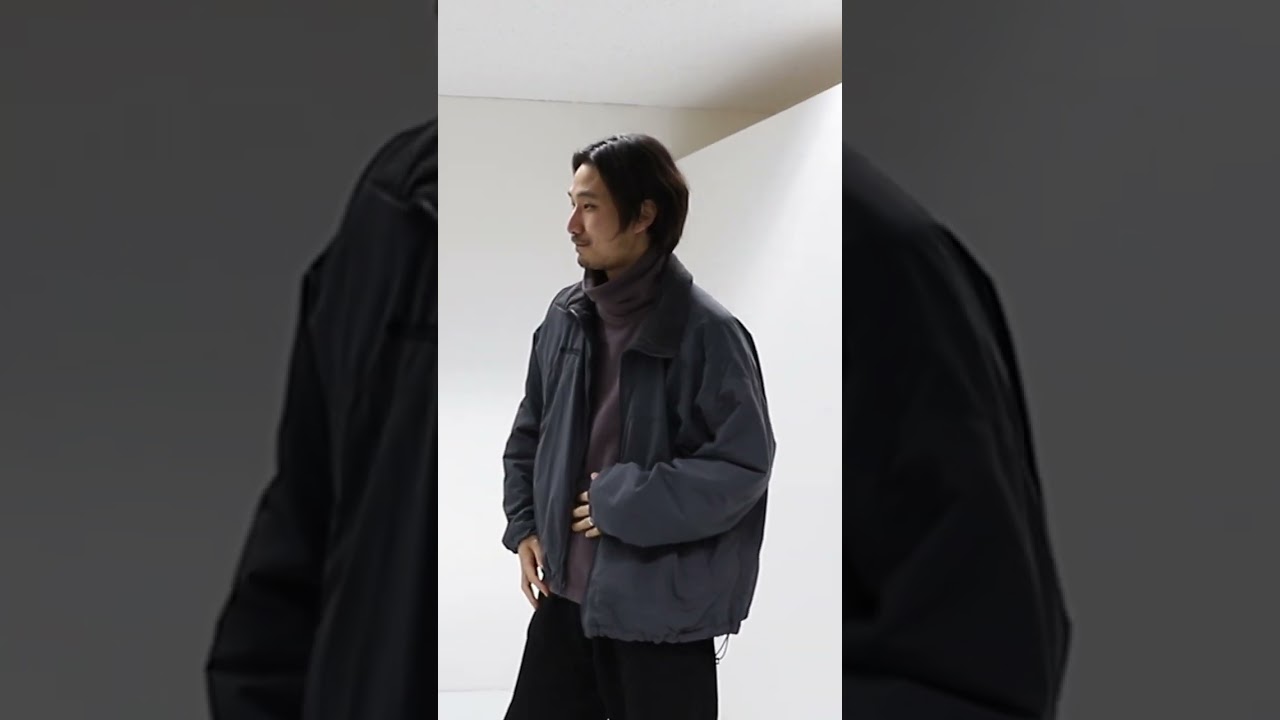 CONFECT【UpcycleLino】裏毛 ハイネックプルオーバー CONFECT【UpcycleLino】裏毛 ハイネックプルオーバー
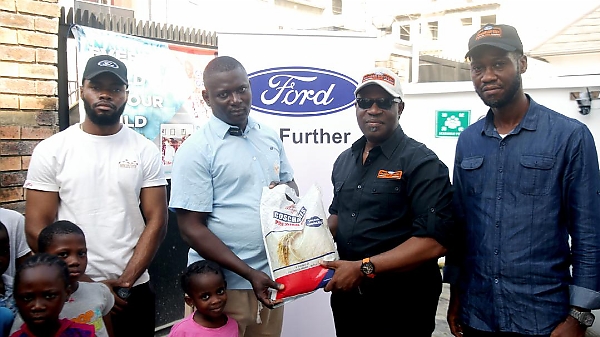 Coscharis And Ford Marks The Ford Global Caring Month With Donations To Orphanage Homes - autojosh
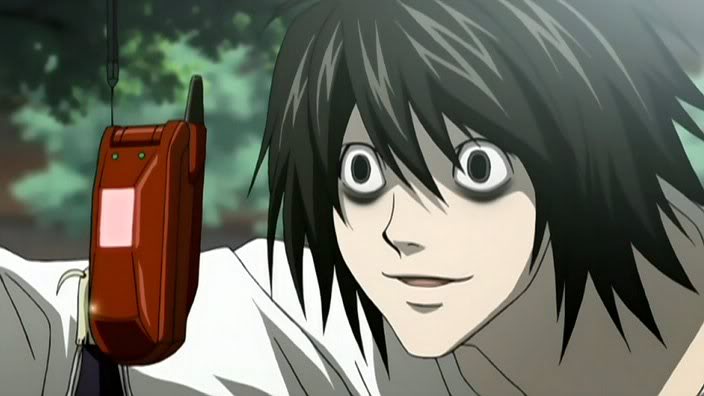 Galeria de L Lawliet *¬*!! - Página 2 Jejeje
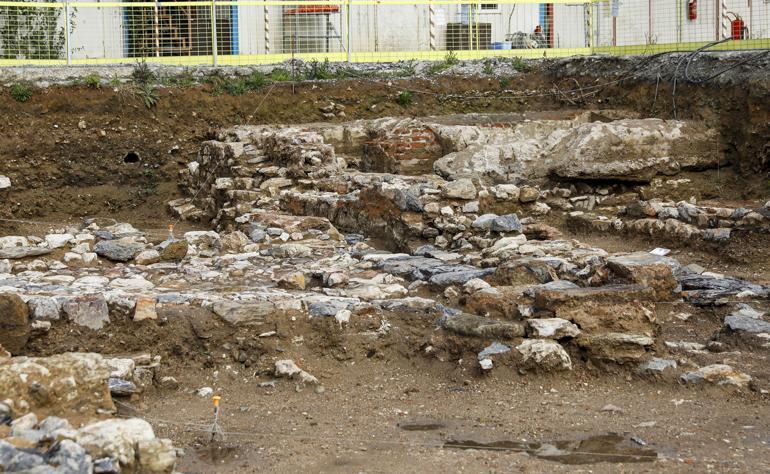 Historical artifacts found in Kabataş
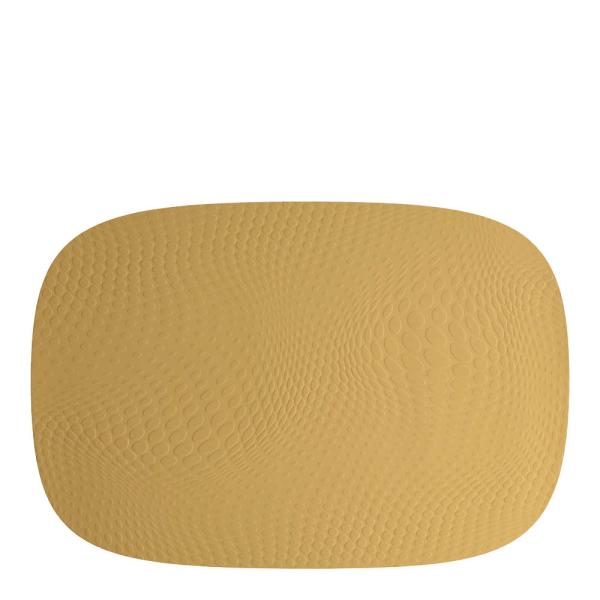 Karim Rashid bordbrikke 45x30,6 cm Mustard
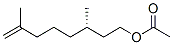 CAS#: 94481-73-9, (S)-3,7-Dimethyloct-7-Enyl Acetate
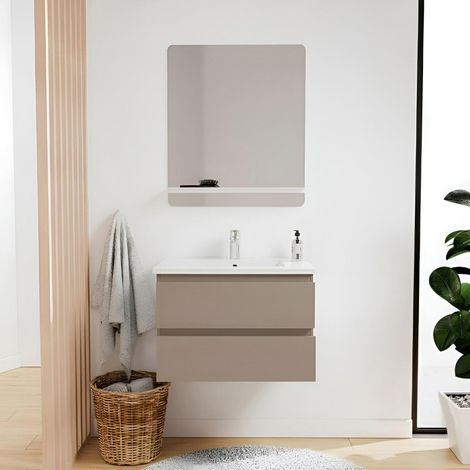 SORRENTO Waschtischunterschrank mit Einzelwaschbecken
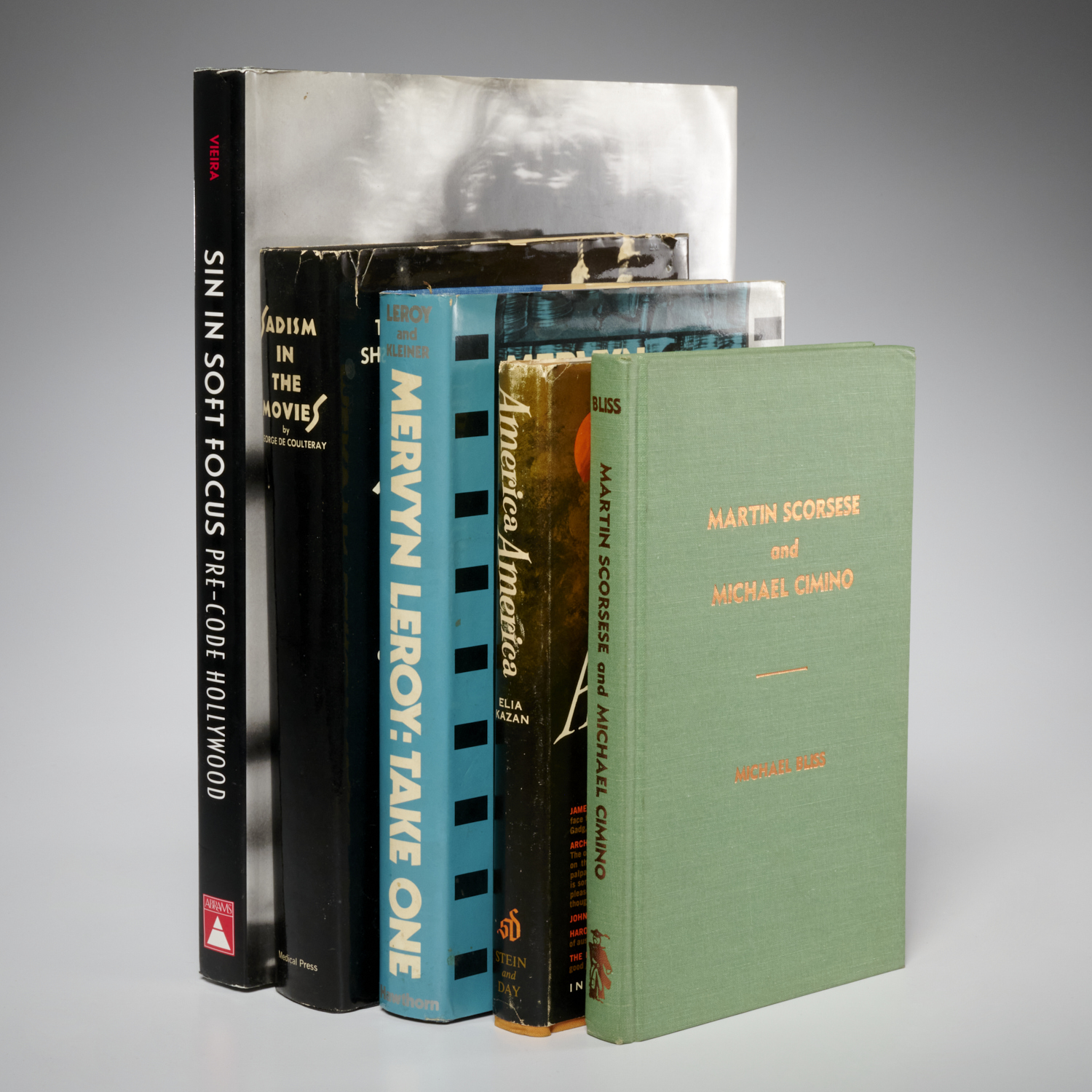 (5) VOLS., FILM AND FILMMAKERS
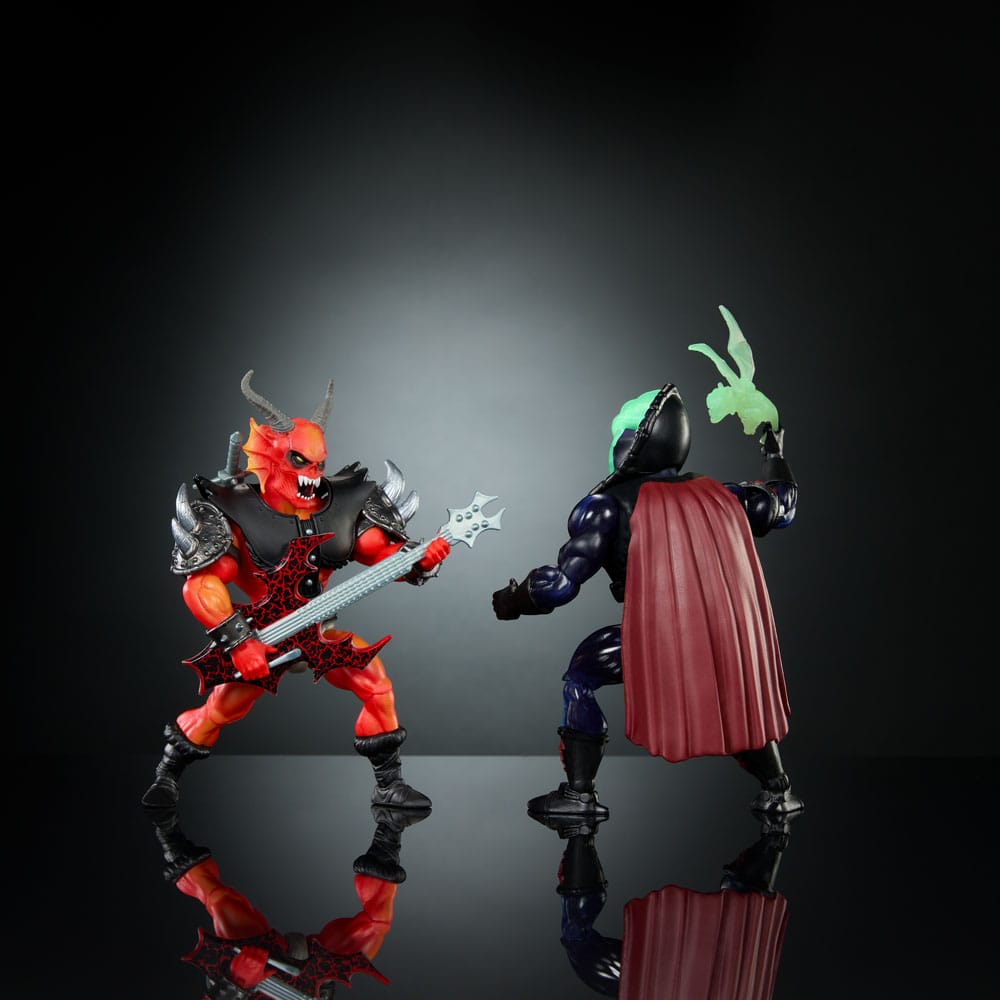 Mattel Masters of the Universe X Stranger Things Hordak & Hellfire-Man Origins 2er-Pack Actionfiguren
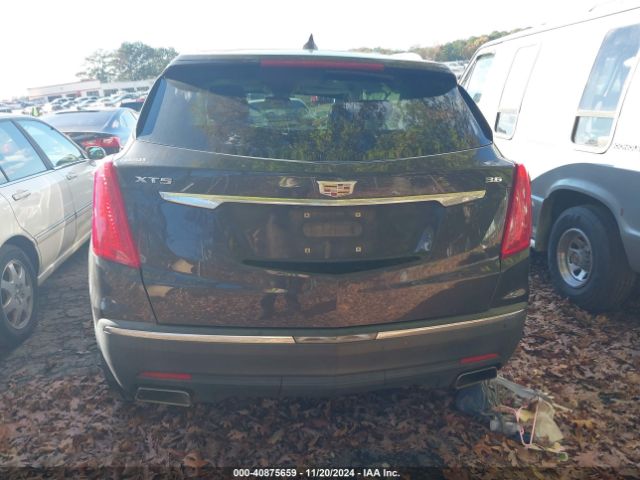 1GYKNBRS4HZ219801 Cadillac XT5 LUXURY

- **Task directions**
An exact transcription of the records above is needed, with no pictures included.

- **Output of the task**
 CONFECT【UpcycleLino】裏毛 ハイネックプルオーバー CONFECT【UpcycleLino】裏毛 ハイネックプルオーバー
 Coscharis And Ford Marks The Ford Global Caring Month With Donations To Orphanage Homes - autojosh
 Galeria de L Lawliet *¬*!! - Página 2 Jejeje
 Historical artifacts found in Kabataş
 Karim Rashid bordbrikke 45x30,6 cm Mustard
 CAS#: 94481-73-9, (S)-3,7-Dimethyloct-7-Enyl Acetate
 SORRENTO Waschtischunterschrank mit Einzelwaschbecken
 (5) VOLS., FILM AND FILMMAKERS
 Mattel Masters of the Universe X Stranger Things Hordak & Hellfire-Man Origins 2er-Pack Actionfiguren
 1GYKNBRS4HZ219801 Cadillac XT5 LUXURY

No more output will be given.